TASK DESCRIPTION: Search the entries below for "baobab orange satin maxi dress (m)". Give that line and all the lines after it again, exactly, through the last, without pictures.

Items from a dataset
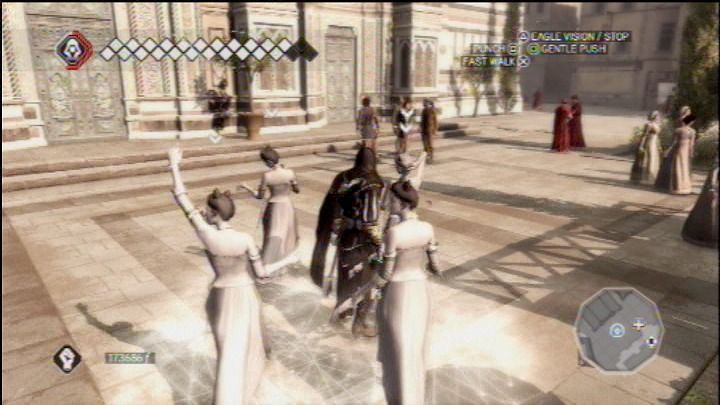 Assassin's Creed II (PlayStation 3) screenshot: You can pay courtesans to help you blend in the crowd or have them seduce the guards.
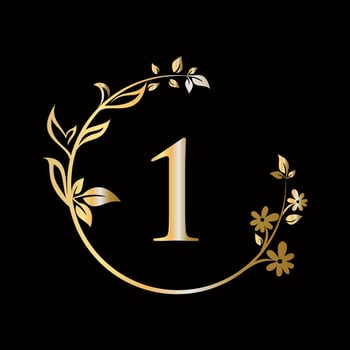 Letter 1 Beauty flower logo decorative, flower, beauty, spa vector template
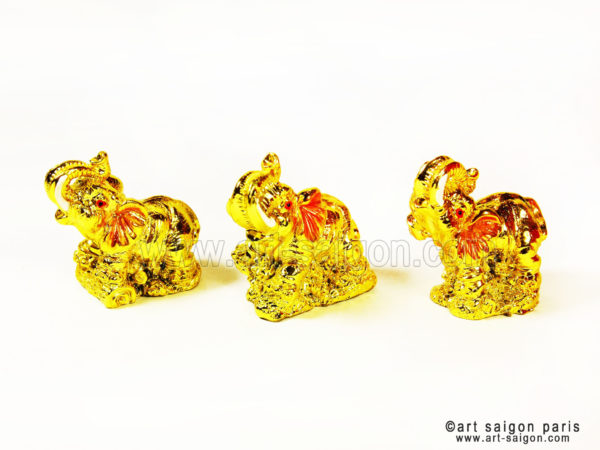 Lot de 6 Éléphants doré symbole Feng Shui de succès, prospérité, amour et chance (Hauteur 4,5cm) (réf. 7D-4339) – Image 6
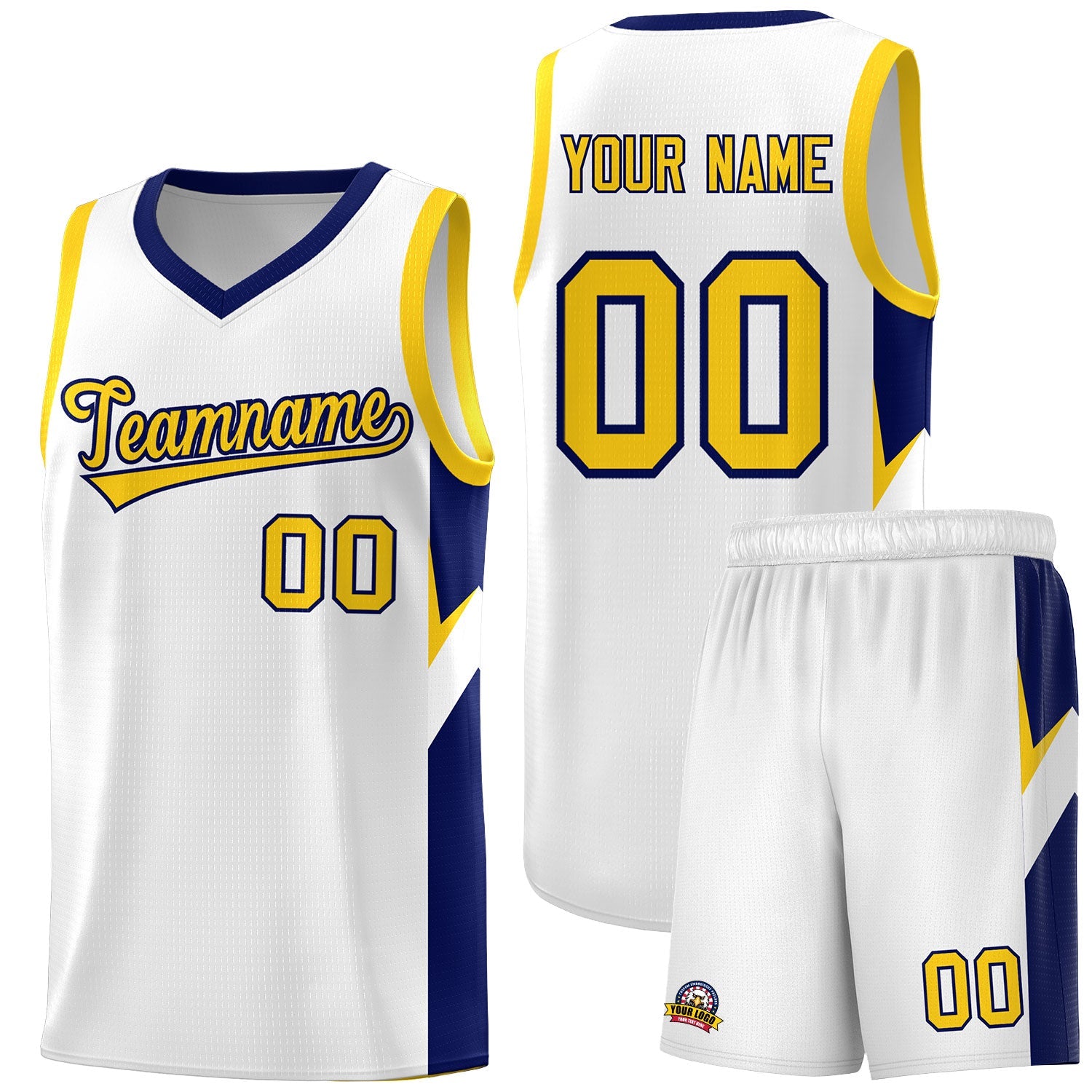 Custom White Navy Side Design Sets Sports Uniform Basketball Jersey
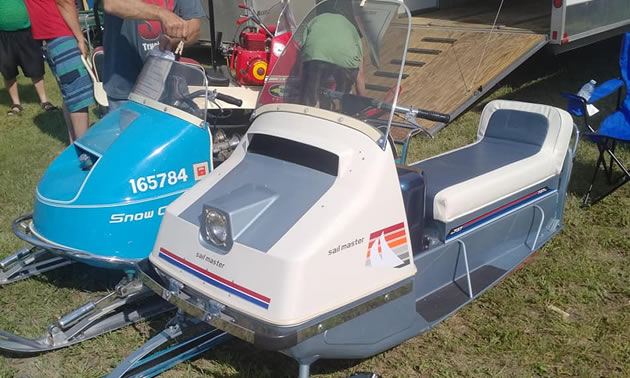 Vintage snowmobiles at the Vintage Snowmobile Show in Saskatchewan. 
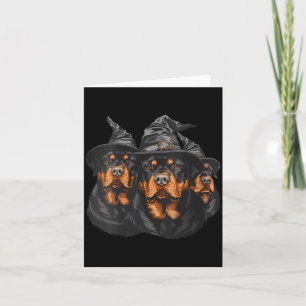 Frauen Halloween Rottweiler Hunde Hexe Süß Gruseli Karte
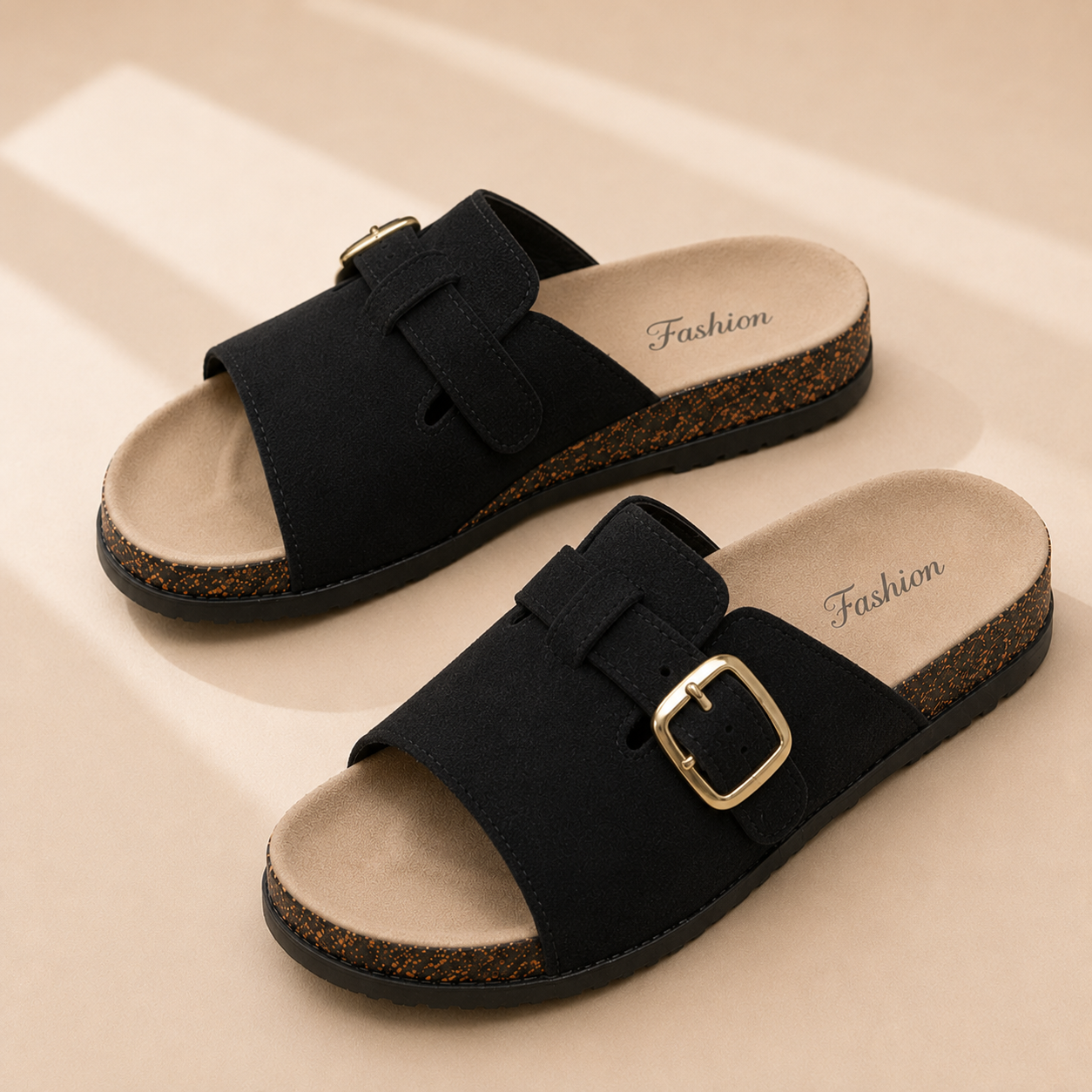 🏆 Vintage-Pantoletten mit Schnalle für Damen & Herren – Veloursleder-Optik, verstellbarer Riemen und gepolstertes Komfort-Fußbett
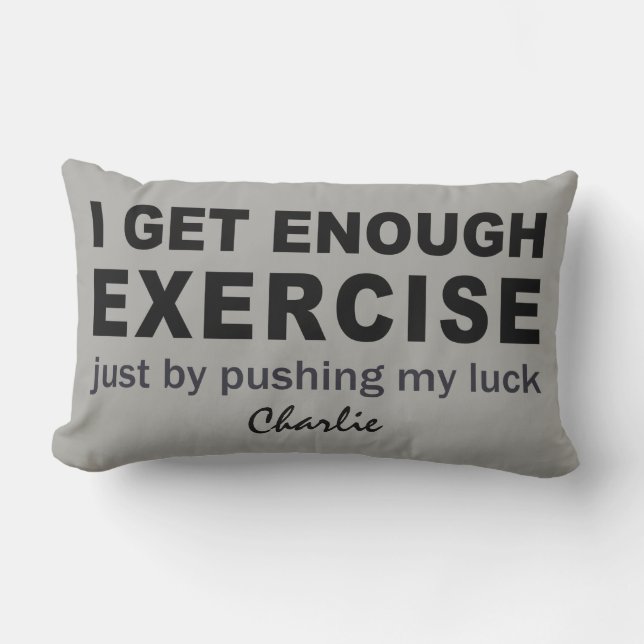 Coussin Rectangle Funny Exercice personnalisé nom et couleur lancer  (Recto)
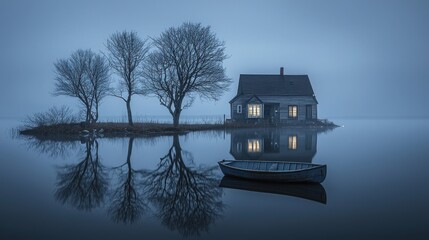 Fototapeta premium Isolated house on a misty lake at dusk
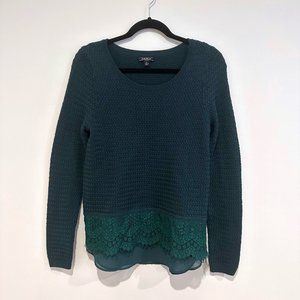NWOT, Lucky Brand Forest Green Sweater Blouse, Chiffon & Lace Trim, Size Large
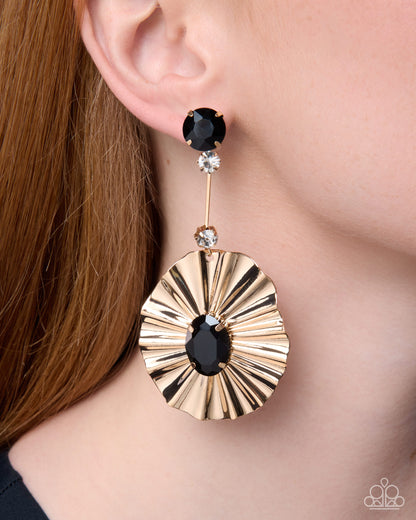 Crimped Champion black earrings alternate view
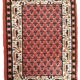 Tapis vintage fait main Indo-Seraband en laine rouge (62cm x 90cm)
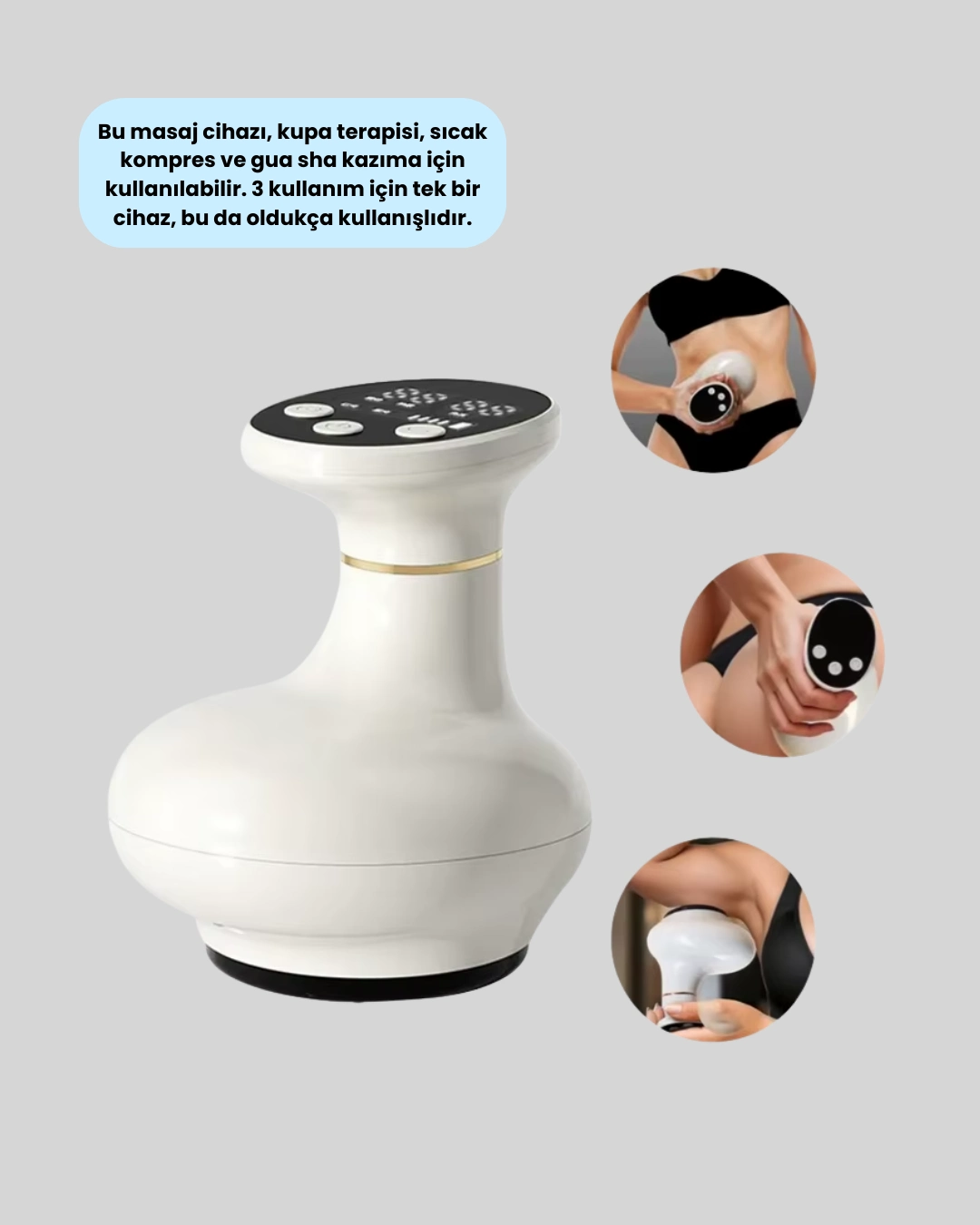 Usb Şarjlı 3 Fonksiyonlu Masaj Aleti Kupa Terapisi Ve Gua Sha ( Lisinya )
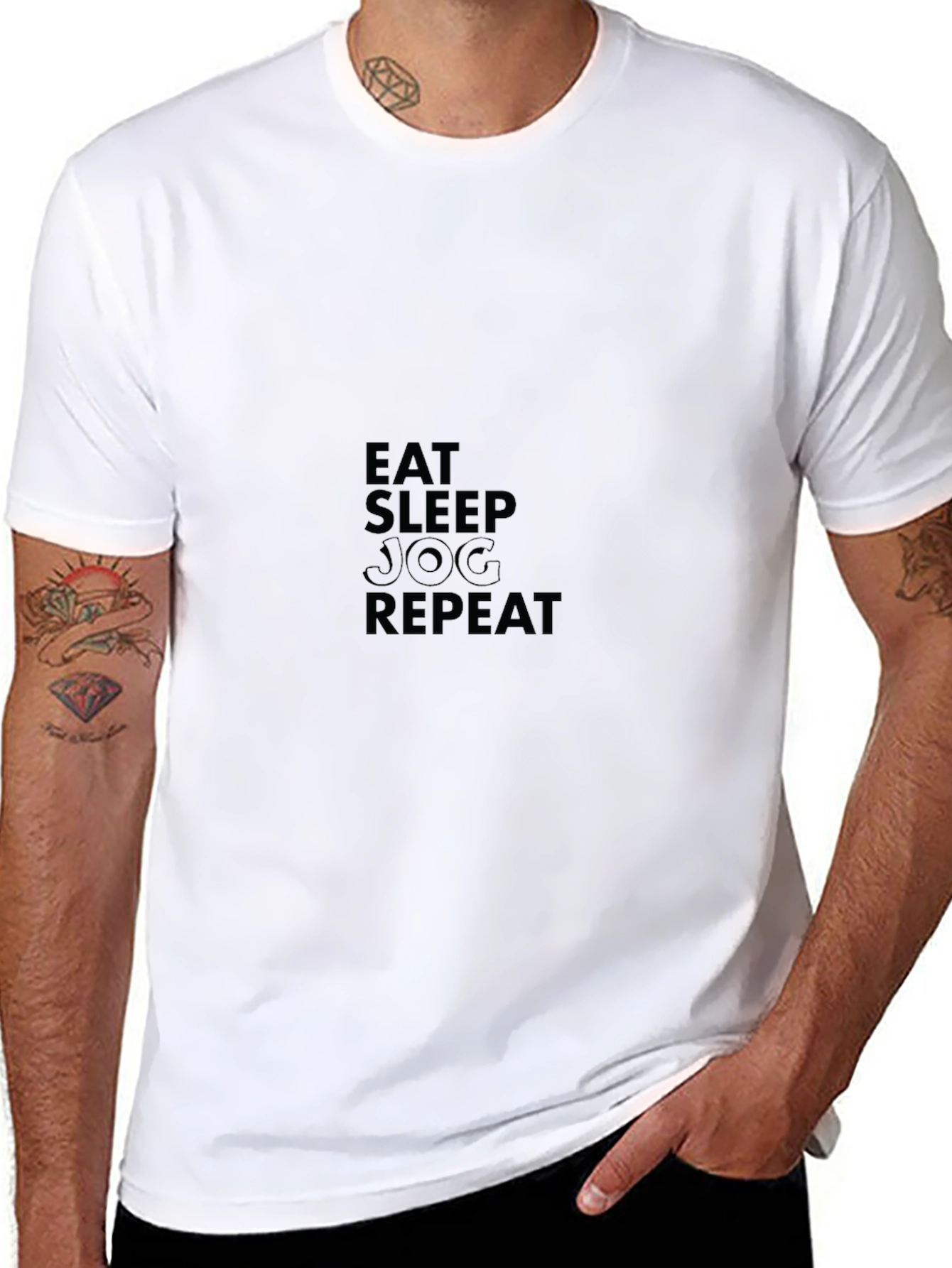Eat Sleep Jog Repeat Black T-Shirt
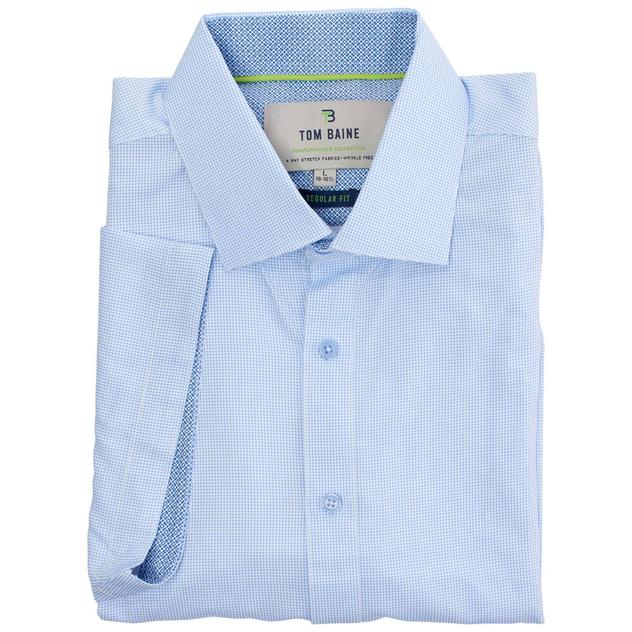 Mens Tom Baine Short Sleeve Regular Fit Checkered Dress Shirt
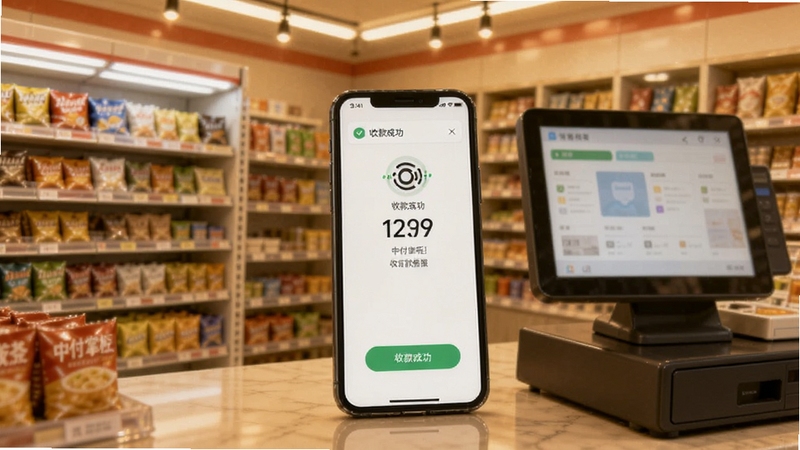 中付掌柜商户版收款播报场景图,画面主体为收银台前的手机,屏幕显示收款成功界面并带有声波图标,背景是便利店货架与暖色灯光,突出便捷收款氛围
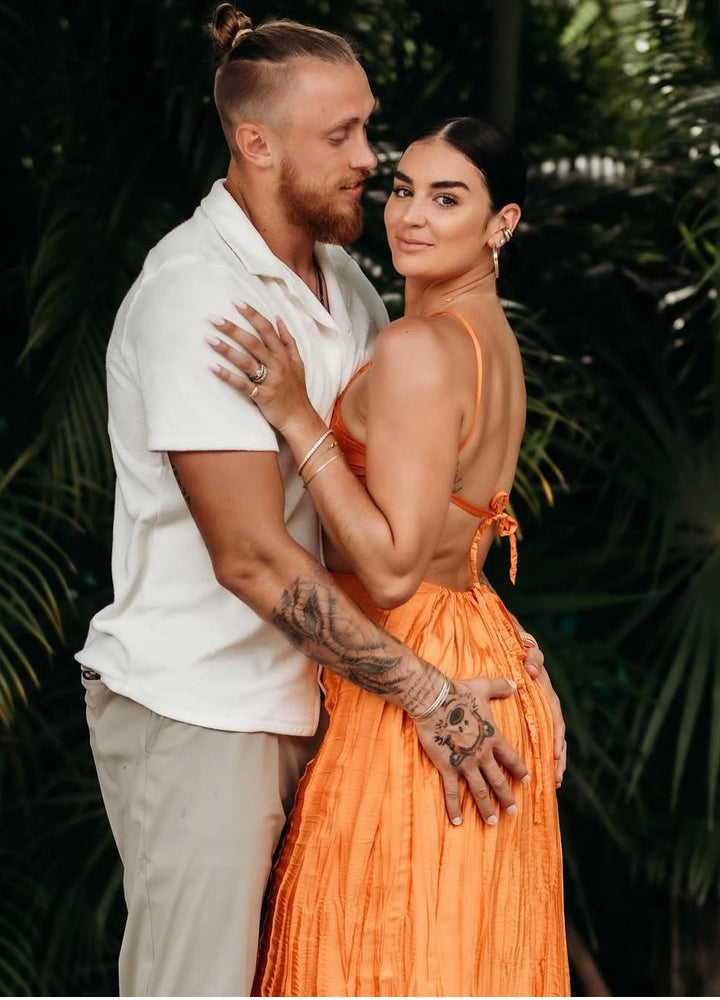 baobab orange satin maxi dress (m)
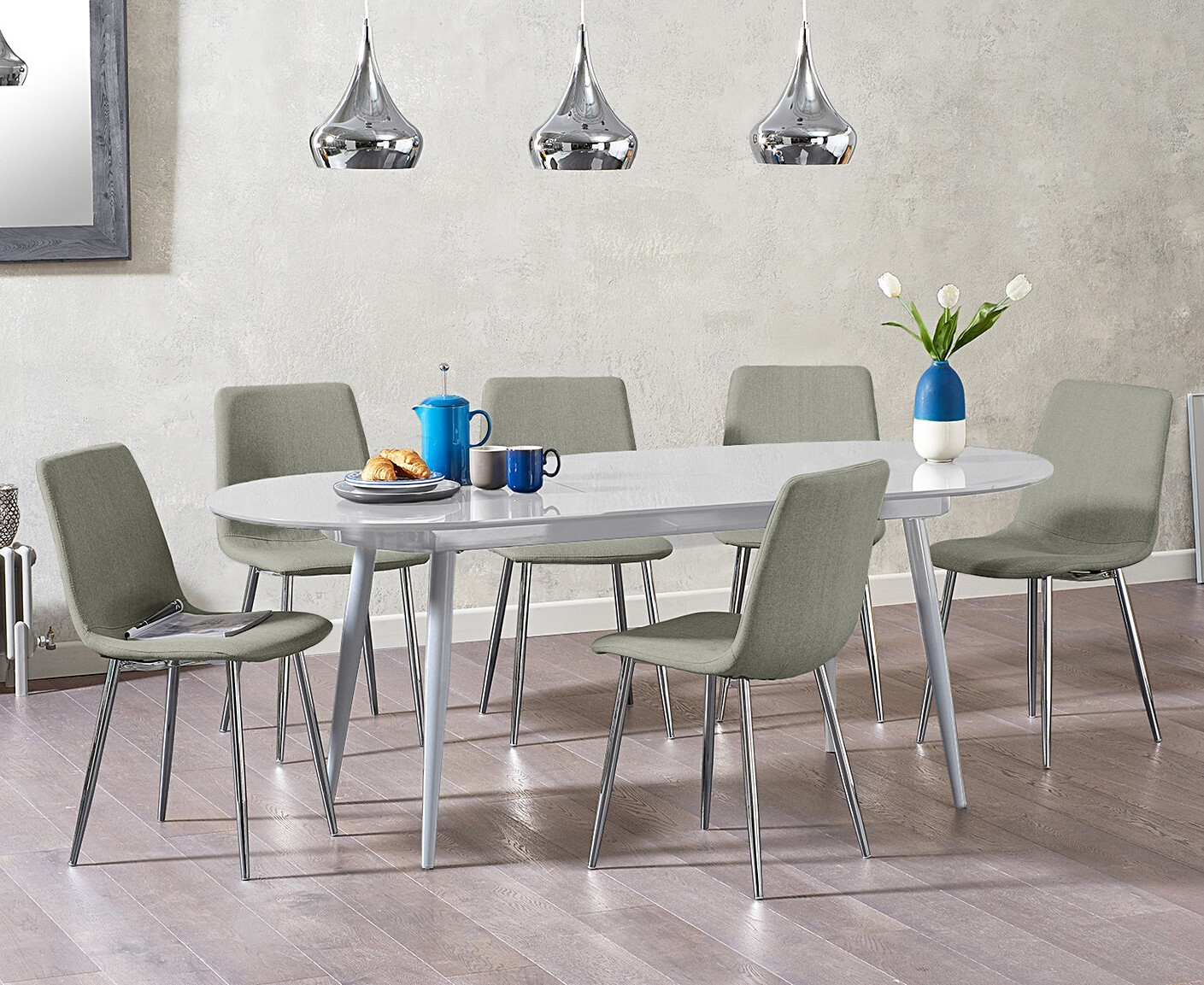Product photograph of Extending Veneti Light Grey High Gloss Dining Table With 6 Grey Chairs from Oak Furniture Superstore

REPLY TO THE TASK:
 baobab orange satin maxi dress (m)
Product photograph of Extending Veneti Light Grey High Gloss Dining Table With 6 Grey Chairs from Oak Furniture Superstore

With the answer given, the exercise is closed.